Charlotte Louisa Elleby, an ophthalmologist with an MD degree from Paris, joined Pechey. Elleby started the eye department in the hospital as well as successfully handled the large number of outpatients for eye-related treatments.

Annette Benson was the head of the hospital for many years.

In 2023, it became the only government hospital in Maharashtra to have a department in Urogynecology, offering fellowships in the field. This was built with a donation from Taj Public Services Welfare Trust.

==2008 terror attack==

On the night of 26 November 2008, it was a target of a 2008 Mumbai attacks by Pakistan-based Lashkar-e-Taiba terrorists Ismail Khan and Ajmal Kasab, with the intent to kill patients, but their assault was unsuccessful as the hospital staff locked all of the patient wards. Around seven people were killed inside the Cama Hospital, while nine died outside, including several police officers, prominently Mumbai Anti-Terrorism Squad (ATS) chief Hemant Karkare, Senior Inspector Vijay Salaskar, and Additional Commissioner of Police Ashok Kamte, who died on the spot, while Assistant Commissioner Sadanand Date was injured. Khan was later killed at a shootout near Girgaon Chowpatty, while Kasab was captured and arrested.

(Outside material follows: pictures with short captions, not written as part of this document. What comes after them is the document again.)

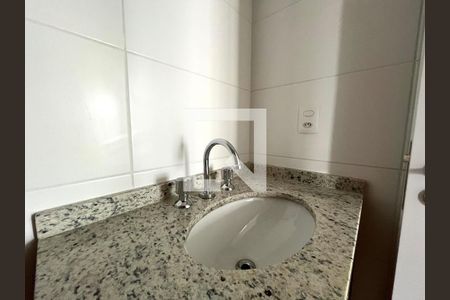 Apartamento para alugar com 48m², 2 quartos e sem vaga Apartamento para alugar com 48m², 2 quartos e sem vagaBanheiro Corredor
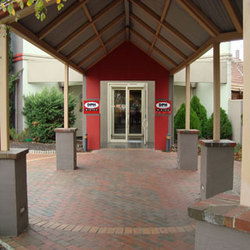Deer Park Hotel - Surfers Paradise Gold Coast 1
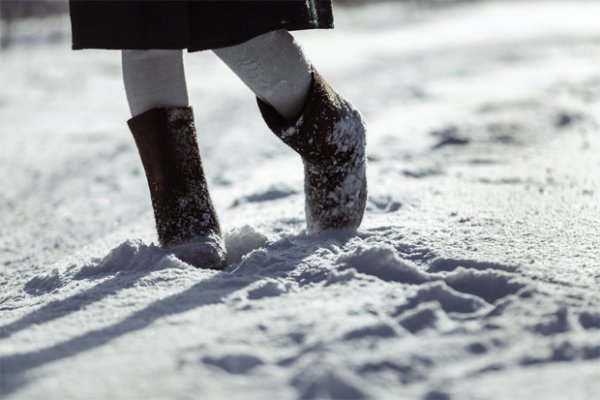 Снег поскрипывает под ногами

During the subsequent investigation and trials, nurse Anjali Kulthe was called to the identification parade of Kasab and recognised him. Kulthe's testimony in court among other witnesses led to his conviction in May 2010 and death penalty was awarded to Kasab, who was executed on 21 November 2012. Kulthe also addressed at the UNSC Briefing: Global Counterterrorism Approach: Challenges and Way Forward via video link in December 2022 that Kasab showed no iota of remorse for his actions.

==In popular culture==

In 2026, the Hindi film, Bharat Bhhagya Viddhaata was based on the terrorist attack on the hospital, and Kangana Ranaut played the role of Nurse Anjali Kulthe, who helped save 20 pregnant women during the attack.
== Services ==

=== ART ===
In May 2024 started offering free infertility treatment as part of its Assisted reproductive technology (ART) services. In November 2025 the hospital became the first public institution in Maharashtra to receive accreditation to expand its ART facilities to provide egg freezing and sperm bank services. These services were extended for free to those who were eligible under the Mahatma Jyotiba Phule Jan Arogya Yojana, the state's health insurance scheme.